Given the structure of the original wall created by the novice employee, you need to find out the size of the new C square wall which can be fitted in the final wall which will be delivered to the client.
Constraints
1 < N < 100
Input
- First Line will provide the size of the original wall N.
- Next N lines will provide the type of material (C and D) used for each brick by the novice employee.
Output
Size of the biggest possible C square wall which can be fitted in the final wall.
Time Limit
1
Examples
Example 1
Input
4
C D C D
C C D C
D D D D
C D D D
Output
3
Explanation
If the wall is placed with its left side at the bottom, space for a new C wall of size 2×2 can be created. This can be visualized as follows
D C D D
C D D D
D C D D
C C D C
The melted bricks can be visualized as follows
– – – –
– C – –
C C – –
C C – C
Hence, the maximum wall size that can be replaced is 2×2.
If the wall is placed as it is with its original bottom side at the bottom, space for a new C wall of size 3×3 can be created. Post melting, this can be visualized as follows.
– – – –
C – – –
C – – –
C C C C
Hence, the maximum wall size that can be replaced is 3×3 in this approach.

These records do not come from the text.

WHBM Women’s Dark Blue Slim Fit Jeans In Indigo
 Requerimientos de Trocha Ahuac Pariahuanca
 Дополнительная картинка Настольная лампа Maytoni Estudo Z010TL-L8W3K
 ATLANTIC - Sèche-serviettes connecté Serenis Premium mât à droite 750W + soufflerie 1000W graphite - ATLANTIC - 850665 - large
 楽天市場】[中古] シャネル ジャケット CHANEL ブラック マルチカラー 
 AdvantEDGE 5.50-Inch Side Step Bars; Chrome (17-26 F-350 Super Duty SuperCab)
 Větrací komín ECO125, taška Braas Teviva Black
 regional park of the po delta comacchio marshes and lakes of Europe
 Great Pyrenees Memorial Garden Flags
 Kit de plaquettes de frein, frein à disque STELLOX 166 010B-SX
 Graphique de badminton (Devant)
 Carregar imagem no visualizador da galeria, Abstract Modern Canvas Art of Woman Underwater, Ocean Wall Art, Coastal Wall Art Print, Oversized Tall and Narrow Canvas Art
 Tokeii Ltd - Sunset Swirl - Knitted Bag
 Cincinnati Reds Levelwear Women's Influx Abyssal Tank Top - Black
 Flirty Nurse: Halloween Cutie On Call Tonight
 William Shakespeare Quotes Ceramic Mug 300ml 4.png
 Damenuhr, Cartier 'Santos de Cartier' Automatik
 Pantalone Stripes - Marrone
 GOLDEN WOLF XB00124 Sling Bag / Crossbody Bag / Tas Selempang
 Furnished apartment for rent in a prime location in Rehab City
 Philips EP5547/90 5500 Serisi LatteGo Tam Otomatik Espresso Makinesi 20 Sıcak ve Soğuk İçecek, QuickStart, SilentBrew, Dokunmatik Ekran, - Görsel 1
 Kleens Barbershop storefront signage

Since no rotations followed by heating is going to a yield a space greater than 3×3, the output is 3.
Example 2
Input
7
C D D C D D D
C D D C D D D
D D D D D D C
D C D C D D D
D D D C D C D
C D D C D C C
C D C D C C C
Output
5
Explanation
If the wall is placed with its left side at the bottom, a space for new C wall of size 5×5 can be created. This can be visualized as follows
D D C D D C C
D D D D C C C
D D D D D D C
C C D C C C D
D D D D D D C
D D D C D D D
C C D D D C C
When this orientation of the wall is heated, a space for new C wall of size 5×5 is created after the D bricks melt
_ _ _ _ _ _ _
_ _ _ _ _ _ _
_ _ _ _ _ _C
_ _ _ _ _ _ C
_ _ _ _ _ C C
C C _ C C C C
C C C C C C C
Whereas, if the rotation was not done, the wall formed after the D bricks melt will be as follows
_ _ _ _ _ _ _
_ _ _ _ _ _ _
_ _ _ C _ _ _
C _ _ C _ _ _
C _ _ C _ _ C
C _ _ C _ C C
C C C C C C C
When this orientation of the wall is heated, a space for new C wall of size 3×3 only is created after the D bricks melt
Hence rotation is important and correct answer is 5×5
Since no rotations followed by heating is going to a yield a space greater than 5×5, the output is 5.
SOLUTION
Program: Fill the Cube Codevita 9 Solution in C++
#include<bits/stdc++.h>
using namespace std;
bool isPerfectSquare(int n)
{
for (int i = 1; i * i <= n; i++) {
// If (i * i = n)
if ((n % i == 0) && (n / i == i)) {
return true;
}
}
return false;
}
int getMaxArea(int hist[], int n)
{
// Create an empty stack. The stack holds indexes
// of hist[] array. The bars stored in stack are
// always in increasing order of their heights.
stack<int> s;
int max_area = 0; // Initialize max area
int tp; // To store top of stack
int area_with_top; // To store area with top bar
// as the smallest bar
// Run through all bars of given histogram
int i = 0;
while (i < n)
{
// If this bar is higher than the bar on top
// stack, push it to stack
if (s.empty() || hist[s.top()] <= hist[i])
s.push(i++);
// If this bar is lower than top of stack,
// then calculate area of rectangle with stack
// top as the smallest (or minimum height) bar.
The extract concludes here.